Students are constantly expected to battle with failure. We tell them to ‘Fail Better’, or tell them that Michael Jordan has ‘failed’ 9000 shots in his career and “that is why [he] succeed[s]”. We get them to plan, edit and redraft, always ready with a red pen to point out errors, to critique. And if they’re afraid of failure, we say “Try, don’t give up!” We expect them to pick themselves up, dust themselves off and to make progress- to be constantly getting better . We expect teenagers- with all their baggage- to risk failure in front of their peers. And if they don’t take a risk, we call them out on it. 

But as teachers, how comfortable are we with our own failures? Risk taking in the classroom is surely where we uncover inspiration. By diving into the unknown, risk allows us to forge ahead with new learning and to break new ground. It allows us to make connections with students and to inspire a love of our subject. But with risk, comes the possibility of failure. In a climate of content driven curriculum, an emphasis on retention of knowledge over time and linear courses, can we really allow ourselves the possibility of failure?

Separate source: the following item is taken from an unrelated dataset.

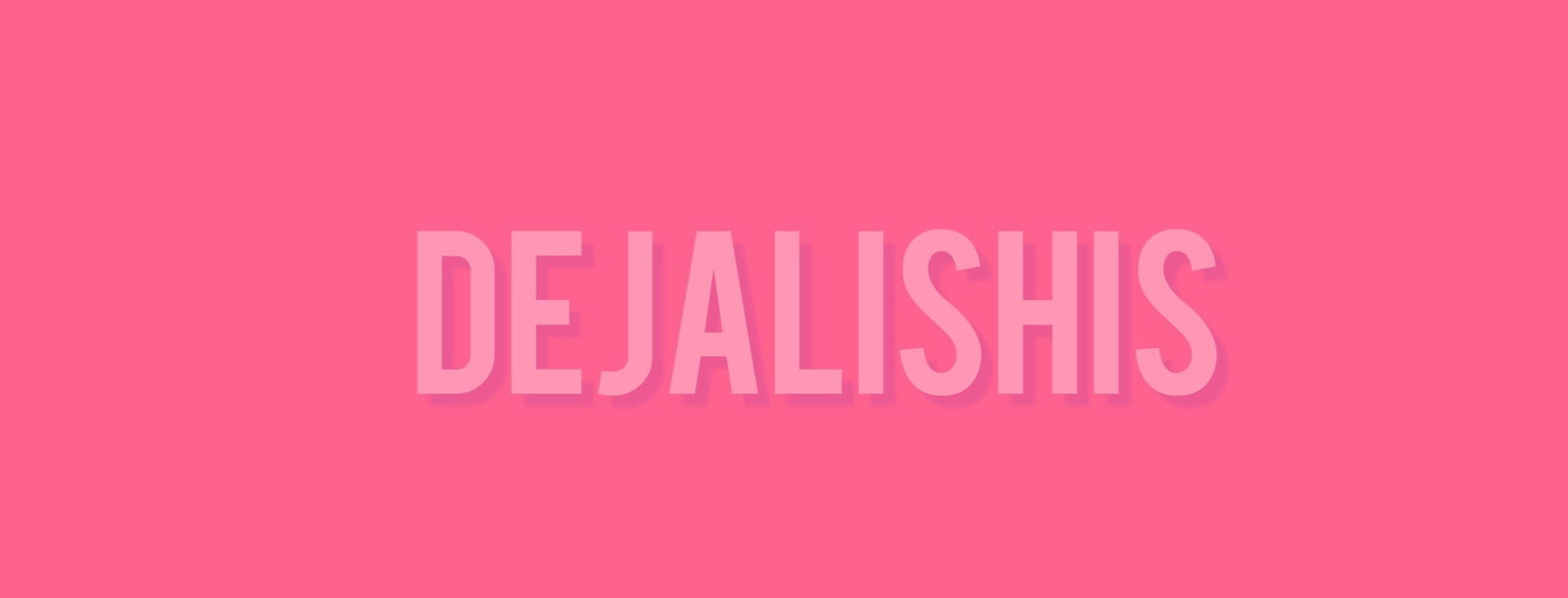 Dejalishis profile banner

I work at a school only recently removed from Special Measures, where the behaviour and compliance of students in lessons has been an area of constant focus. To introduce risk into the classroom could mean that students start talking about something unrelated to the lesson. Something that happened last week at their Granny’s house, while they swing on their chair, flip a bottle and talk across the room. And that moment of fuzzy ‘failure’ and lack of engagement is the exact moment that your Head Teacher chooses to walk down the corridor, locking eyes with first the bottle flipper- then you.

Is risk therefore worth the risk?

In this blog, I’ll be trying to take a risk every week in the classroom. Something that puts me out of my comfort zone. If it fails, I’ll unpick the process and, like I’m constantly telling my students, try to ‘fail better’- that is, to use what didn’t work as part of a path to success. I firmly believe that risk creates powerful moments in the classroom- moments where we can make connections with students that simply wouldn’t happen where we choose to play it safe. So let’s get it wrong, let’s risk a look from someone that says “WTF are you doing in there?” 

Where we push at the edges of our practice, we inspire, we motivate, we connect. Regardless of errant water bottle flippers and occasional aimless chat, risk is worth the risk.